In the same vein, Taiwan today is not the same Taiwan that existed under the regime of Chiang Kai-shek (蔣介石). As a result, the DPP cannot get away with secretly interacting with senior members of the CCP.
Therefore, moves like Hsieh’s attempt to use his trip to the bartending event in Beijing in a private capacity as a means to pave the way for interaction between the DPP and the CCP are things that will continue to necessitate open communication with the public about cross-strait strategic interests.
This is the only way to put the minds of DPP supporters at ease while attempting to build ties with China.
Peace and development are in China’s best interests and, of course, the same is true for Taiwan. However, both sides have totally opposite views when it comes to the matter of Taiwanese sovereignty.

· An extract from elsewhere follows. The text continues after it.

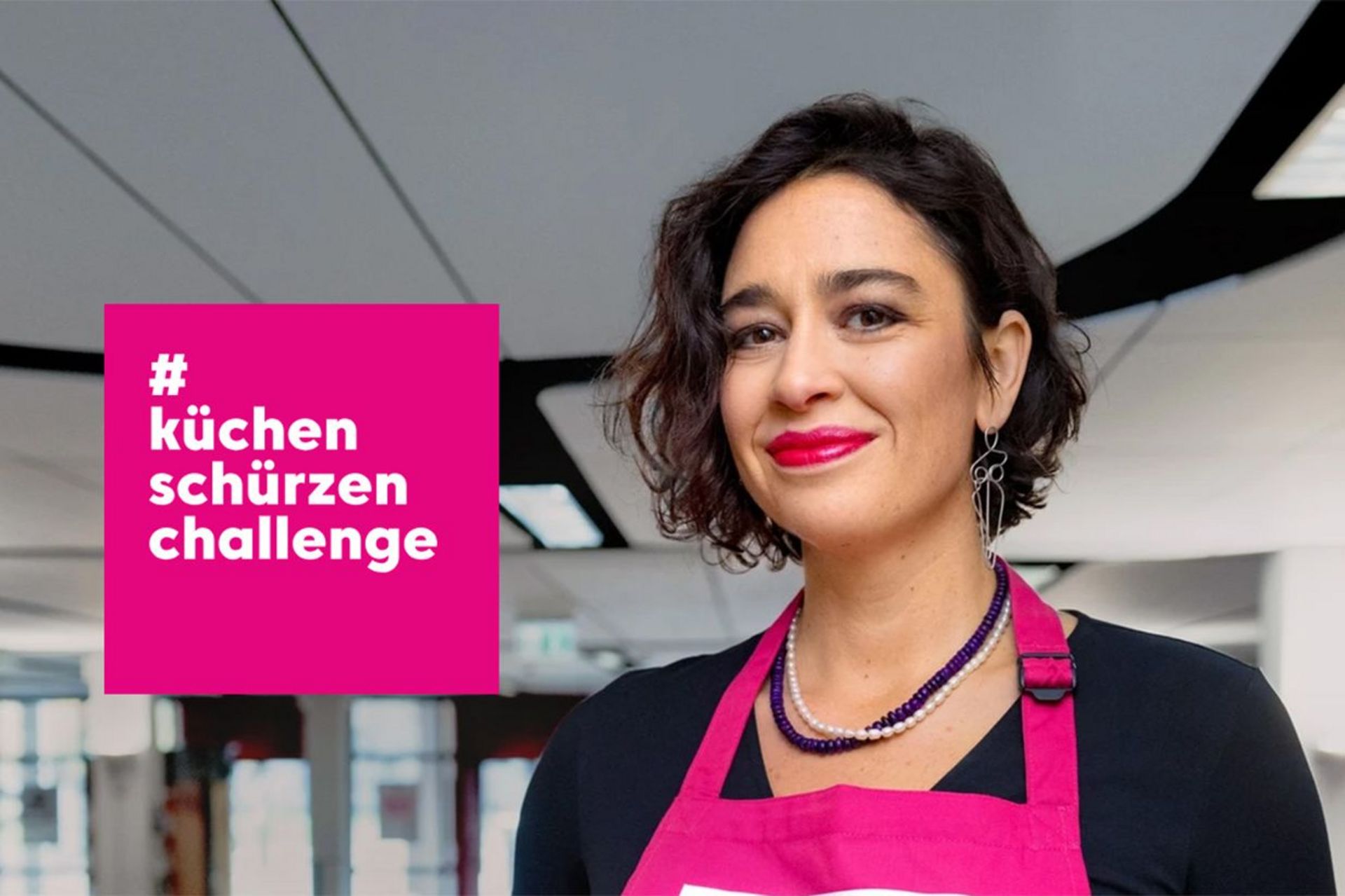 Eine junge Frau steht auf einem großen Büroflur. Sie trägt eine pinkfarbene Schürze. Neben ihr steht in einem pinkfarbenen Kasten: #küchenschürzenchallenge.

Fortunately, though, the international balance of power is what decides cross-strait relations.
China does not have a say in this matter and of course neither does Taiwan. Under the overriding premise of peaceful development, the CCP leadership in Beijing should be capable of accepting the “one China” principle.
While China may not be totally satisfied with this and its actual implications, it is still something its leaders could theoretically accept.
Over the past four years, we have seen that cross-strait interaction has been based on the formalistic concept that there is only one China as defined by the so-called “1992 consensus” and the agreement that there is only “one China, with each side having its own interpretation of what that one China means” (一個中國，各自表述.)
If the CCP was able to accept Hsieh’s visit to Beijing, we can safely say that the first meeting between the DPP and the CCP will be a touchstone for gradually developing mutual political trust.
The “constitutional consensus” (憲法共識) proposed by Hsieh is a consensus that must be agreed upon by all Taiwanese. If the CCP were also able to agree that this “constitutional consensus” was also an expression of the formalistic concept that there is only one China, which has directed the course of cross-strait interaction for the past four years, the DPP and the CCP would be able to start strategic interaction. Hopefully, this would lead to a gradual establishment of mutual trust and understanding.
The only way a true consensus can be established between Taiwan and China is for the DPP and the CCP to come to an agreement and develop mutual trust when it comes to cross-strait strategic interests.
This is also the only way that peaceful development between Taiwan and China, and in the East Asia region as a whole, can continue to progress and become stronger.
Hsieh has now held out an olive branch to the CCP and this is something that he should be commended for.
Hopefully the CCP will showcase the wisdom of its leaders by commencing a new chapter in the peaceful development of relations between Taiwan and China.
Tung Chen-yuan is a professor in the Graduate Institute of Development Studies at National Chengchi University.